Not different from other diseases, the process for the correct identification of UCTD patients relies on obtaining an accurate history, performing a comprehensive physical examination, and diagnostic testing. In general, when there is a clinical suspicion on a CTD, one looks for immunologic abnormalities including elevated inflammatory markers (Sedimentation rate or C-reactive protein), low complement levels and positive ANA, other autoantibodies associated with CTD (anti-Ro, anti-Smith, anti-RNP, Scl-70), anti-ds-DNA antibodies, rheumatoid factor, or antiphospholipid antibodies. If after a thorough evaluation, a CTD diagnosis cannot be made, but there are features highly suggestive of it, physicians diagnose a patient as having UCTD, evolving or stable: to date, there is no available diagnostic tool that would help distinguish the two. However, there are currently under investigation serological (soluble mediators, complement products, gene signatures) [26, 27] and imaging (ultrasonography) [28] biomarkers, aiming at identifying the early stages of a CTD and differentiate between a potentially evolving vs. a stable UCTD. For now, close monitoring by clinical examination and immunologic testing may help quickly diagnose patients who transition from UCTD to a definable CTD. Two open questions that remain are the frequency and length of monitoring. Although definite answer cannot be given on either question, twice a year monitoring for the first 5–6 years is reasonable with less intense or even no scheduled monitoring in mild cases that have not progressed over this period of time.

  1. 3.

    Management

There is no approved treatment for UCTD; thus, the use of therapy is guided based on the clinical manifestations. For example, if the patient primary complaint is arthralgia, treatment with NSAID, low-dose corticosteroids, and potentially hydroxychloroquine would be appropriate.

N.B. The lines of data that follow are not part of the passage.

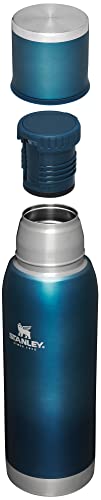 25 oz Insulated Stainless Steel Vacuum Bottle with Leakproof Cup Lid H52420
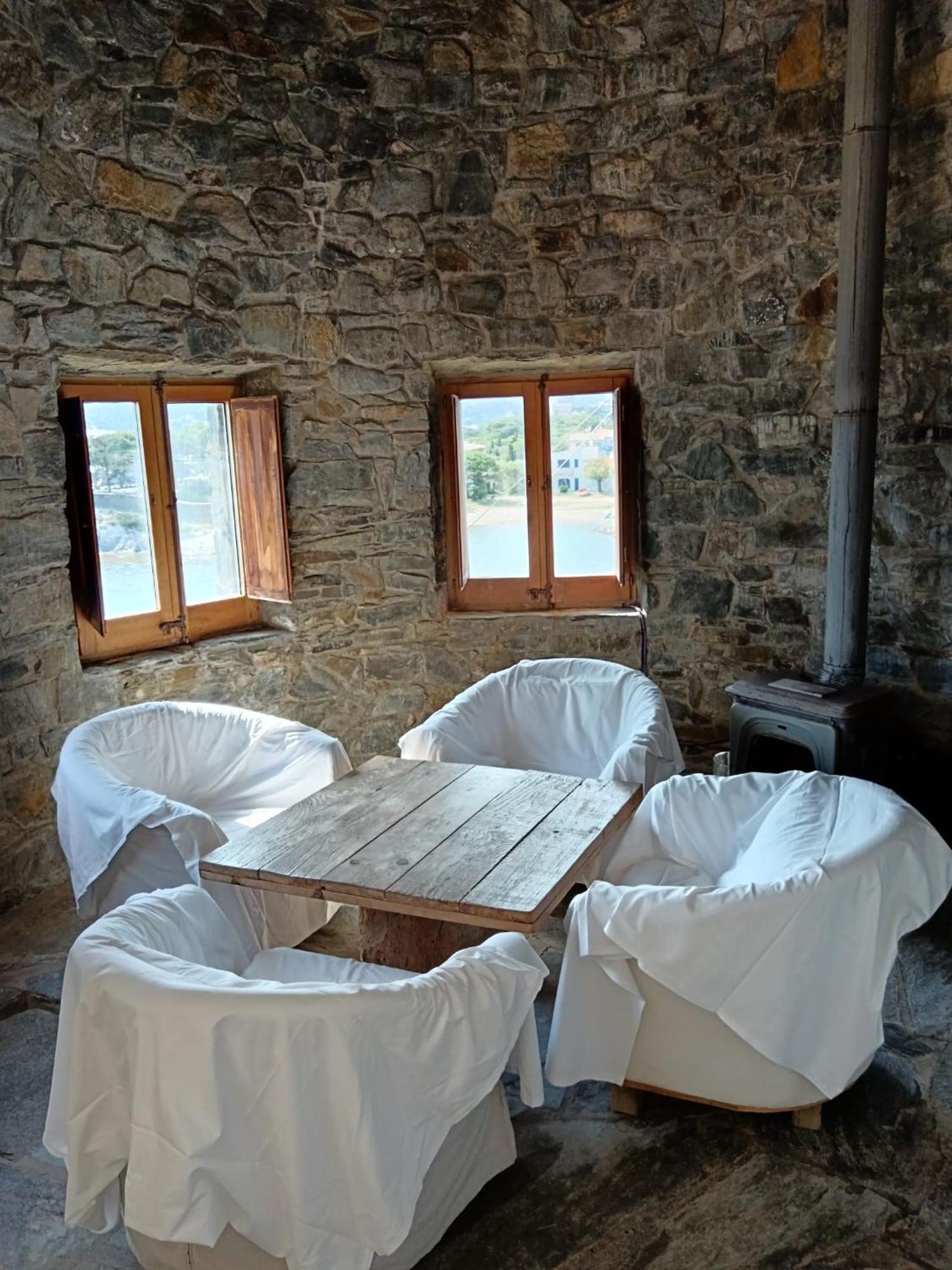 Isla Privada En Cadaques De Ensueno Con 11 Habitaciones Dobles Con Bano Privado Y Piscina Εξωτερικό φωτογραφία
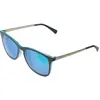 Cairn Mixte Fuzz Lunettes de Soleil, Bleu (Mat Shadow Azure), L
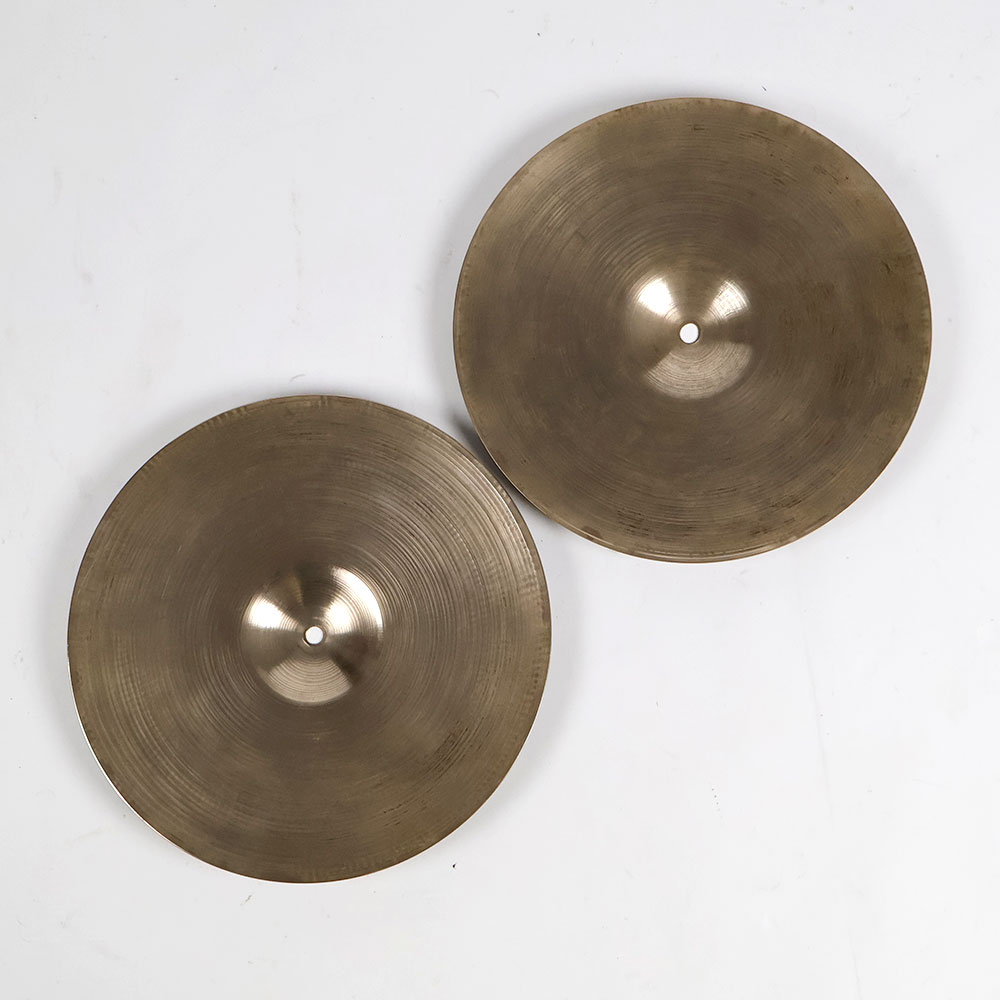 K.ジルジャン 14インチ ハイハットシンバルセット 中古 汚れあり 凹みなし。 中古】 ハイハットシンバル ジルジャン ZILDJIAN A Zildjian 14インチ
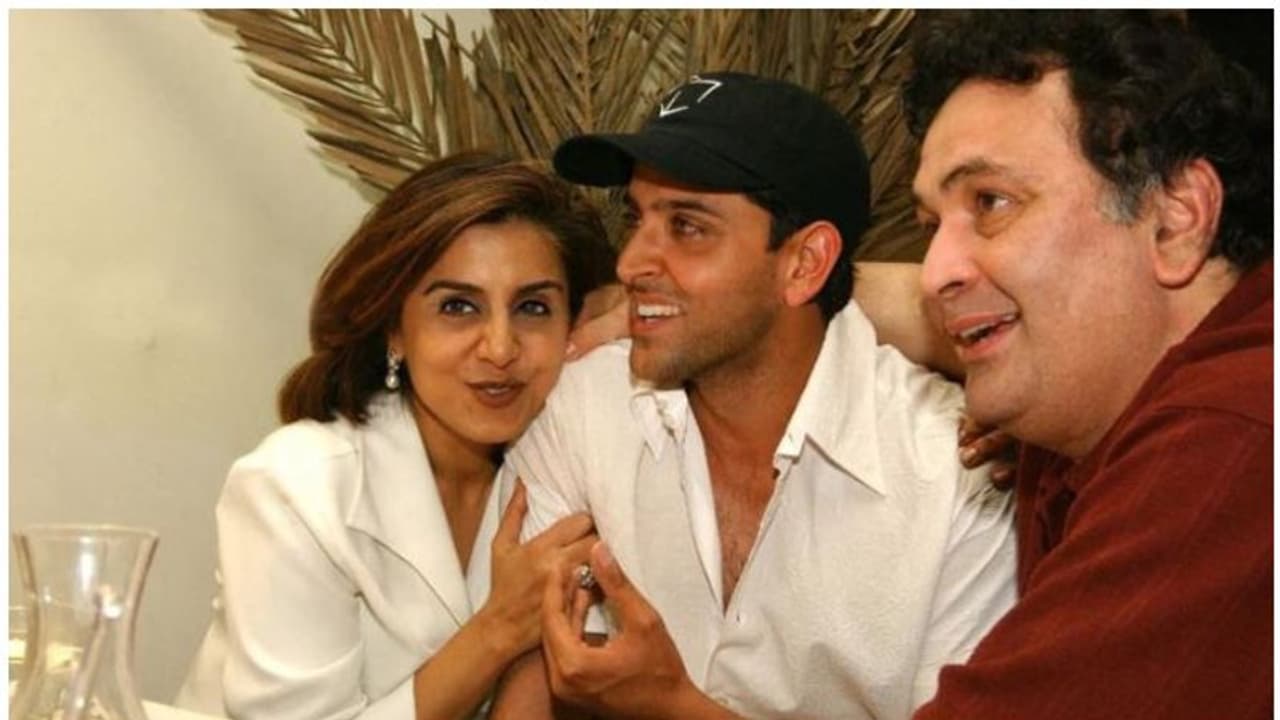 ഋഷി കപൂര് വിളിക്കുമെന്ന് പറയുമ്പോള് ഹൃദയമിടിപ്പ് കൂടും; പ്രചോദനമായത് എങ്ങനെയെന്ന് വ്യക്തമാക്കി ഹൃത്വിക് റോഷൻ ഋഷി കപൂര് വിളിക്കുമെന്ന് പറയുമ്പോള് ഹൃദയമിടിപ്പ് കൂടും; പ്രചോദനമായത് എങ്ങനെയെന്ന് വ്യക്തമാക്കി ഹൃത്വിക് റോഷൻ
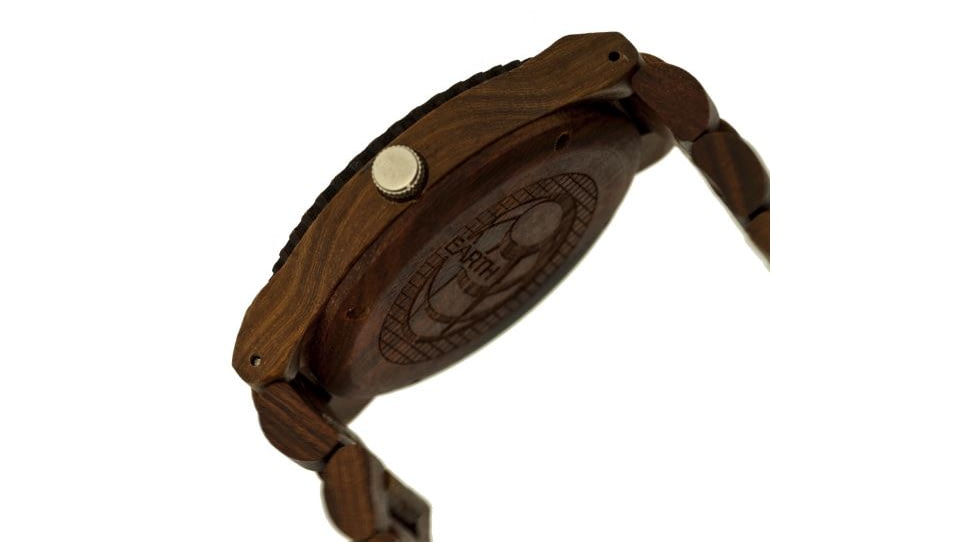 Earth Cherokee Watch, Red Wooden Case ETHEW3403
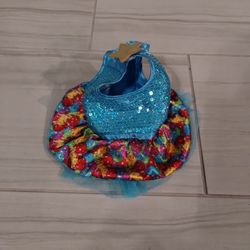 build a bear ballerina dress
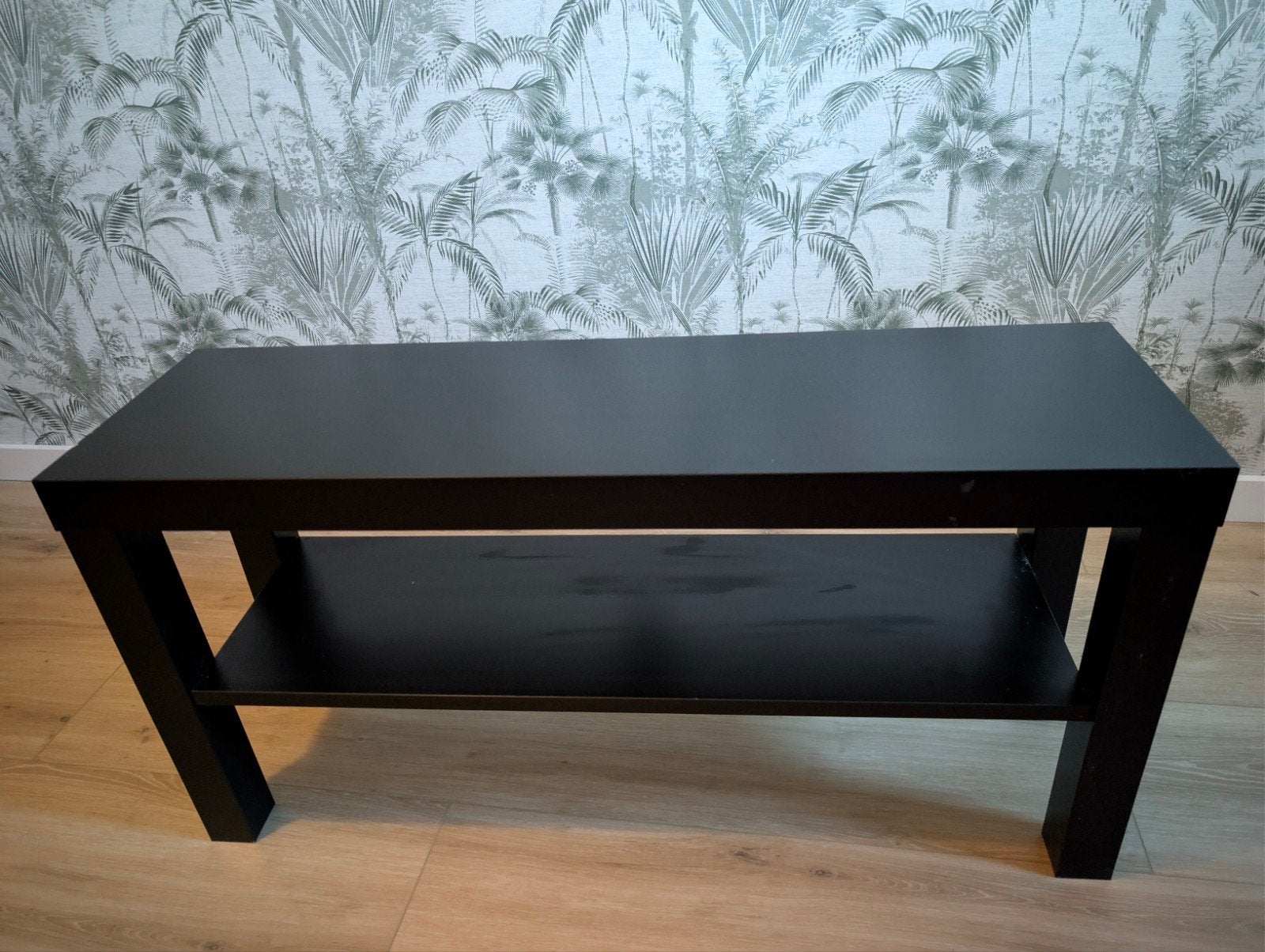 GRATIS IKEA Lack tv-tafeltje GRATIS, Ophalen, Gebruikt, 50 tot 100 cm, 100 tot 150 cm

Probably the most intriguing question about management of these patients is whether therapy can halt or delay the progression of a UCTD; this hypothesis that has been previously studied by James et al. while assessing patients with unclassifiable SLE. The authors concluded there is a delay in the development of SLE in those patients who received hydroxychloroquine compared to those who did not [25]. An ongoing randomized clinical trial (NCT03030111) may be able to answer this question in patients at risk of SLE.

Conclusion

UCTD is now recognized as a mild autoimmune disease within the CTD continuum, with a good prognosis. Still a myriad of questions regarding diagnosis and management remain unanswered and undoubtedly influence the way we practice. For this reason, the creation of consistent criteria for the diagnosis of UCTD is imperative; this will help advance UCTD research and eventually provide authoritative guidance on the management of the condition. In the meantime, it would be helpful to generate interim clinical guidelines and much-needed patient educational resources to enhance communication and avoid misunderstandings about the disease.